Des parlementaires et plusieurs centaines de manifestants se rassemblaient par ailleurs à l'aéroport pour réclamer la libération de M. Akcay.
Battsetseg Batmunkh, vice-ministre des Affaires étrangères, a prévenu les responsables de l'ambassade que toute tentative d'enlèvement sur le territoire mongol constituait une "violation grave de l'indépendance et de la souveraineté" du pays.
Le ministre turc des Affaires étrangères Mevlüt Cavusoglu a cependant nié ces accusations au cours d'un entretien téléphonique avec son homologue Tsogtbaatar Damdin, selon le ministère mongol des Affaires étrangères.

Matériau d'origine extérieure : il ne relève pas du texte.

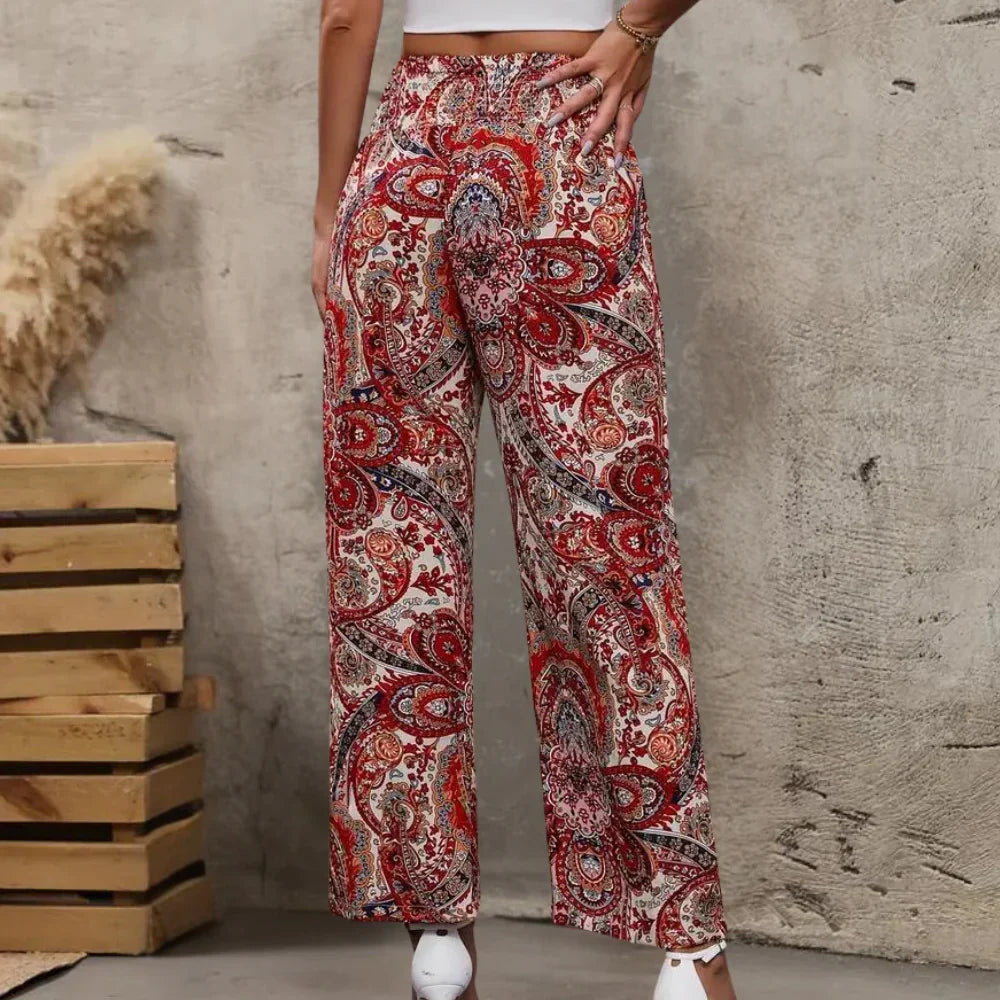 Hoymans dames broek met opvallend bohemian paisley patroon en trendy wijde pijpen, zeer comfortabel.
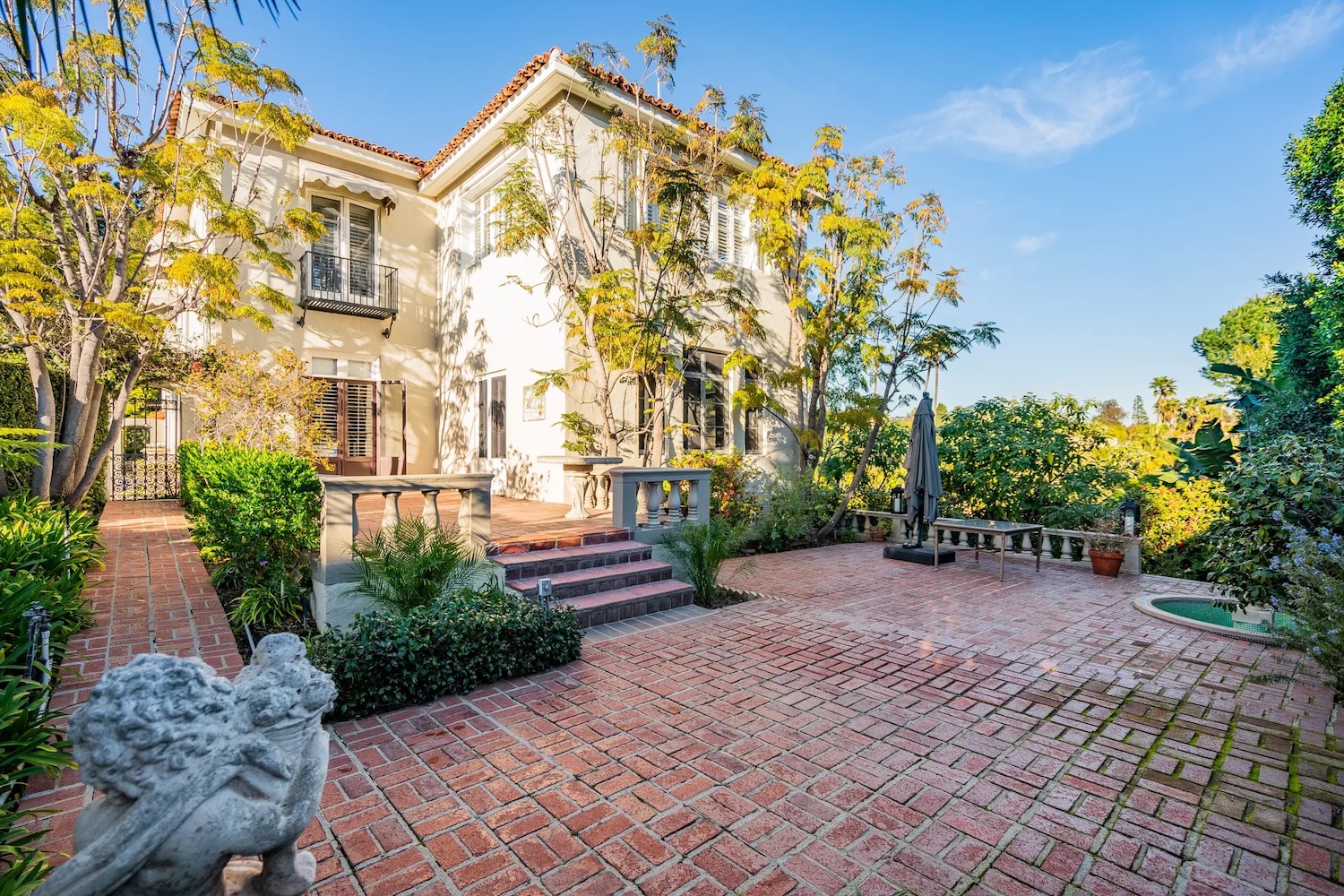 beatles bel air estate courtyard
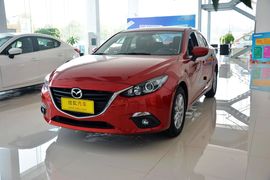 2016款马自达3 昂克赛拉1.5L自动豪华型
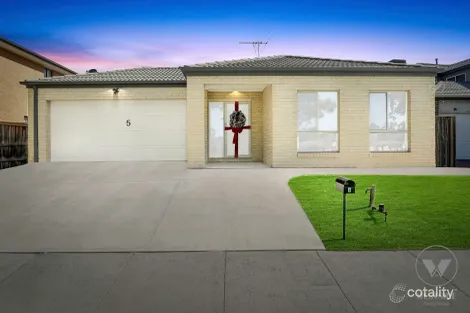 5 Float Pl, Point Cook, VIC 3030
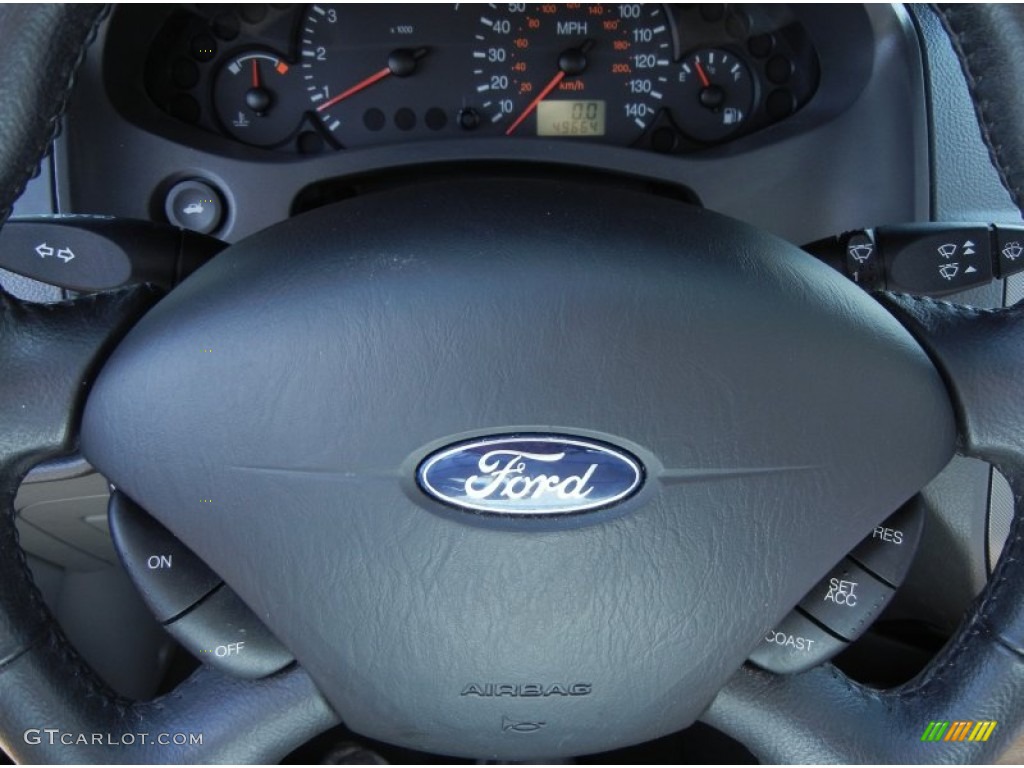 2005 Ford Focus ZX4 SES Sedan Dark Flint/Light Flint Steering Wheel Photo #68410082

Pas de quoi convaincre certains responsables: "Nous sommes une nation indépendante. Pensez-vous que quelqu'un peut pratiquer des enlèvements dans notre pays?", a réagi sur Twitter le parlementaire Baasankhuu Oktaybri.
Liens bilatéraux sous pression?
L'avion turc a finalement décollé à 09H25 locales sans M. Akcay, selon un responsable des transports en Mongolie sur Twitter.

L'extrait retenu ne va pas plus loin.